Livingston, West Lothian
about 1 year ago
Reporting to the QA Manager this role is responsible for providing administrative support to the QA Department. The ideal candidate will therefore have a background in Quality assurance within a scientific environment.
Key responsibilities and accountabilities:
Support to the site QMS.
Review of SOP's.
Review, approval and issue of laboratory documentation.

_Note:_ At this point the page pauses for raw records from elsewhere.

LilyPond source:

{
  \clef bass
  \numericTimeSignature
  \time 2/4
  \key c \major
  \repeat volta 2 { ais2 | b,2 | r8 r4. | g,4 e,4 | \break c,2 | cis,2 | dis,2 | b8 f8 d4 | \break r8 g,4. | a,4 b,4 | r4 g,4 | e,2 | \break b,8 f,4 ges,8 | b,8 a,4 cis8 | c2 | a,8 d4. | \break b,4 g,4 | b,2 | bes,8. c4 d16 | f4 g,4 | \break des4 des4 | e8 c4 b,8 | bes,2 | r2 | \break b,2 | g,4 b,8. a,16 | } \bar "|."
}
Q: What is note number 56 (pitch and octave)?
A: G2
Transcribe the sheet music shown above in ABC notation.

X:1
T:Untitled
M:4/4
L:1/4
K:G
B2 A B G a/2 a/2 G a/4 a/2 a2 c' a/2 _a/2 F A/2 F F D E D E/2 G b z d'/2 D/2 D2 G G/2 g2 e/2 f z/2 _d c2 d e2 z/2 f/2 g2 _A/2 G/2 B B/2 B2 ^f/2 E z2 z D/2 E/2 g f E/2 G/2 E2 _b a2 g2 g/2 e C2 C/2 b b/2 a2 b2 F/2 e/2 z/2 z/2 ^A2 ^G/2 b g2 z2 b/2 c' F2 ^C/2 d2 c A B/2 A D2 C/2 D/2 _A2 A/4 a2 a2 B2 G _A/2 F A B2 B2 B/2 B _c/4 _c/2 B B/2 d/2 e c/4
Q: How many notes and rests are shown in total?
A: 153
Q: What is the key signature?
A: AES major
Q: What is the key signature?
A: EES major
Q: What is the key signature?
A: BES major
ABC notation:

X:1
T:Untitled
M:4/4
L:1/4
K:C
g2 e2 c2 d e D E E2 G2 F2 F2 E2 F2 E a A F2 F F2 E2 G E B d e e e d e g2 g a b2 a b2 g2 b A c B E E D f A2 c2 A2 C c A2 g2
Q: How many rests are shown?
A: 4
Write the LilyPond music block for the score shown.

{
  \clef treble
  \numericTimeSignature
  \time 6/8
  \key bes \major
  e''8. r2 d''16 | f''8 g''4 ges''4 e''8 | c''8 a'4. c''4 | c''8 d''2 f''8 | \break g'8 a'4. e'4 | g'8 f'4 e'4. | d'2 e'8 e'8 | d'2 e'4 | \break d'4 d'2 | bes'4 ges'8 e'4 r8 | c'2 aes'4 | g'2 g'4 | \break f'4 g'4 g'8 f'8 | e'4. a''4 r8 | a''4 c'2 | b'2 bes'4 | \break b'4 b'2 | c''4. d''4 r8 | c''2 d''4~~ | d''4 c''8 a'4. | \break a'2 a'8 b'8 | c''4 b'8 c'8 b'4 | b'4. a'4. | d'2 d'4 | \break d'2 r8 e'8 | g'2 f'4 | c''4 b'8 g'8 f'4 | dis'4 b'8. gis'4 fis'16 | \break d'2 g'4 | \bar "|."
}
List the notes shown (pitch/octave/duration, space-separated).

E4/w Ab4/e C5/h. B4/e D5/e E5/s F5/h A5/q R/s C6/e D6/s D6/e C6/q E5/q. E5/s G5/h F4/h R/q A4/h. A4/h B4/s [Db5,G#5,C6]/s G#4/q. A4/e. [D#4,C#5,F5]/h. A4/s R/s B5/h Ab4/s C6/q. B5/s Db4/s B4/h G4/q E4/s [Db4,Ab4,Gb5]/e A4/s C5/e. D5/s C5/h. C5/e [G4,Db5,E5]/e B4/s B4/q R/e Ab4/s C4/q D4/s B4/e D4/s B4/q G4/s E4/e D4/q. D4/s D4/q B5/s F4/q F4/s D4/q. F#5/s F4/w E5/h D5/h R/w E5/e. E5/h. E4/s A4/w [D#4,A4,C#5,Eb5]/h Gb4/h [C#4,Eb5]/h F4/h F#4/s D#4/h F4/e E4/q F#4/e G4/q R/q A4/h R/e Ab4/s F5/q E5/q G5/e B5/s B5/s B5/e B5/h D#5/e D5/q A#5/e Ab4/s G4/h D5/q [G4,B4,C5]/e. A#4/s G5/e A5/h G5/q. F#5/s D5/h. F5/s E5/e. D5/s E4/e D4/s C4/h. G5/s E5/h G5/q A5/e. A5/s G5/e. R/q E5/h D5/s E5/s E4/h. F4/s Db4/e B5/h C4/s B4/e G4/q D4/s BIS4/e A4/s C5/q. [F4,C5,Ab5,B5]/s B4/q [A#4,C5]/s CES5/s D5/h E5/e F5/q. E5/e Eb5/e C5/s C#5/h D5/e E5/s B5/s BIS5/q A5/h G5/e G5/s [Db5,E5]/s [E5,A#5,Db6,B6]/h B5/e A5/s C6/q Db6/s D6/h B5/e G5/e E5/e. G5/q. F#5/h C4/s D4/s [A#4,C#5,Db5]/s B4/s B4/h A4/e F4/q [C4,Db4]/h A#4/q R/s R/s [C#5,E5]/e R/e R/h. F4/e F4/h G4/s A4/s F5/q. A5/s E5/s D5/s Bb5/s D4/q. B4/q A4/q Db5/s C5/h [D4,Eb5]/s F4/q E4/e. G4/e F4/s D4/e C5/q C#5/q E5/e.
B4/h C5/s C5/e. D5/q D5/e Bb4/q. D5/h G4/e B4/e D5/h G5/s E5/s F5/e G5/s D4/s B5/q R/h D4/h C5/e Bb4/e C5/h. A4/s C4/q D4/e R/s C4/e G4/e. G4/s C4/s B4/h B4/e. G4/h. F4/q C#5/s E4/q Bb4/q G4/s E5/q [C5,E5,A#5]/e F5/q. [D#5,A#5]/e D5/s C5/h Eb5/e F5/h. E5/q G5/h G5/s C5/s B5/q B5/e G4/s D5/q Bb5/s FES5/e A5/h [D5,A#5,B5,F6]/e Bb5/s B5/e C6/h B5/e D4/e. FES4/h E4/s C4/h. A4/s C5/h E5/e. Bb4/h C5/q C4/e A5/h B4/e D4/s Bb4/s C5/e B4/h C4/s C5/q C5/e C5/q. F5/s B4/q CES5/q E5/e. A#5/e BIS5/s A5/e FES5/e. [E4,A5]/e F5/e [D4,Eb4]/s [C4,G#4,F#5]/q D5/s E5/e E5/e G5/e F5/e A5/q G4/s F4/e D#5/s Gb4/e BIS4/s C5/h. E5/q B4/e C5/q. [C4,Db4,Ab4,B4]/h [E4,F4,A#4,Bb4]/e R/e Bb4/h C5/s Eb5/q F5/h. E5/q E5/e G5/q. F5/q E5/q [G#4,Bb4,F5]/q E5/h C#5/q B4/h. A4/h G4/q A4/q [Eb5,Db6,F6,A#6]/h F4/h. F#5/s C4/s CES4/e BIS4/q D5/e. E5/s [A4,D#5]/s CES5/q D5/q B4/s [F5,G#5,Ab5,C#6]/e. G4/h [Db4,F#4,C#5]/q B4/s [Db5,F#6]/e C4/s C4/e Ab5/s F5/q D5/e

Control and maintenance of GMP documentation.
Implementation, routine review and approval of change controls.
Involvement with investigations arising from deviations.
Assist with both internal and external audits and follow up of actions arising from them as required.
Support the supplier assessment program.
The ideal candidate will be:
Results oriented with a positive outlook and clear focus on high quality output.
Able to demonstrate good written and verbal communication skills.
Able to get on with others and be a team player, but be equally comfortable working independently.
Attention to detail.
Comfortable dealing with senior managers, external auditors and suppliers.
Willing to learn from others.
Experience of working in a similar role within a GMP environment
Experience of document review and control.
Able to communicate effectively with people at all levels
Able to write clear, concise reports.
A degree or equivalent in Chemistry, Pharmacy, Biology or general science.
Must be competent in generating documents and writing reports both for internal use and for customers/clients. Must be numerate.